法人が役員に給与を支給する場合、法人税法上損金として認められるのはいわゆる①定期同額給与、②事前確定届出給与、③業績連動給与の三点のみである(法人税法34条)。このうち、②については届出とある通り、事前に所轄税務署に届出が必要となる。

この届出書式(「事前確定届出給与に関する届出書」)は国税庁がWeb上で公表しているが、そこでは付表1にて、支給時期(年月日)の記載を求めている。本稿で問題とするのはこの書式において年月”日”の記載を求めているという点である。

これがために、この届出の日に支給せずに、1日たりとも日がズレると損金算入が認められないのではないかという言説がときおり見られ、実務上混乱が生じているように思える。

筆者は、この”日”まで記載を求めるのは法令上の根拠を欠くものであり、実務に無用の混乱を招くものであるから早急にその書式を改めるべきであると考えている。以下これについて述べる。

2.法令上求められているのは支給”時期”である

事前確定届出給与の規定は、法令に定められたもの以外は原則損金不算入とする扱いを定めた法人税法第34条から始まって、法人税法施行令第69条第4項を挟み、届出をする具体的な事項を定めた法人税法施行規則22条の3第二項へとつながっていく。その施行規則22条の3第二項は9号までからなる条文からなるが、その3号においては以下のような規定となっている。

事前確定届出給与の支給時期並びに各支給時期における支給額又は交付する株式若しくは新株予約権の銘柄、次に掲げる場合の区分に応じそれぞれ次に定める事項及び条件その他の内容

ここで見るように、法令上で届出事項として規定されているのは「支給”時期”」であって「支給”日”」ではない。また、「支給時期」を別途定義した規定は見当たらない。さらには、事前確定届出の届出事項は施行規則22条の3第二項に詳述されるほかに、法令上で別途書式によるといったことが定められていない。

したがって、法令上はあくまでも支給時期を記載すれば足りるはずである。

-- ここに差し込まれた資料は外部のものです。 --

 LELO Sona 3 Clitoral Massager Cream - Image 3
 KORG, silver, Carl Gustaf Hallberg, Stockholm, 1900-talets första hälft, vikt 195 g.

ではあるが、国税庁の用意する書式に「支給年月”日”」の欄が設けられているのである。

支給”時期”と規定されておりその定義規定がない以上、その意味するところは一般的な文理解釈に委ねられることとなる。いうまでもなく「時期」とはある一定の期間を指すものである。ピンポイントにある特定の日をさすものではない。そのため、支給時期を示すための届出書式上は、せめて〇月下旬、といった表記で良いはずである。

繰り返すが、現在国税庁が用意する事前確定届出の書式は、法令上で定められているものではない。ではあるものの、そのいわば任意の書式において”日”という、法令よりも制限されたことを要求しているのである。

3.自らした届出である以上それに拘束されるのか

届出者は届出により法令で求められる要件よりも強い制限を自ら課すことになっているが、かように法令を超える制限となったとしても、それはひとたび自らが届出をした結果であることから、その内容には拘束されるという意見があるようである。

ここで「届出」につき、行政手続法第二条は以下のように規定している。

七 届出 行政庁に対し一定の事項の通知をする行為(申請に該当するものを除く。)であって、法令により直接に当該通知が義務付けられているもの(自己の期待する一定の法律上の効果を発生させるためには当該通知をすべきこととされているものを含む。)をいう。

事前確定届出給与の届出はこの「届出」にあたると考えられる。ここでの届出は一定事項の通知をするというものであるが、届出内容自体に拘束されることになるのであろうか。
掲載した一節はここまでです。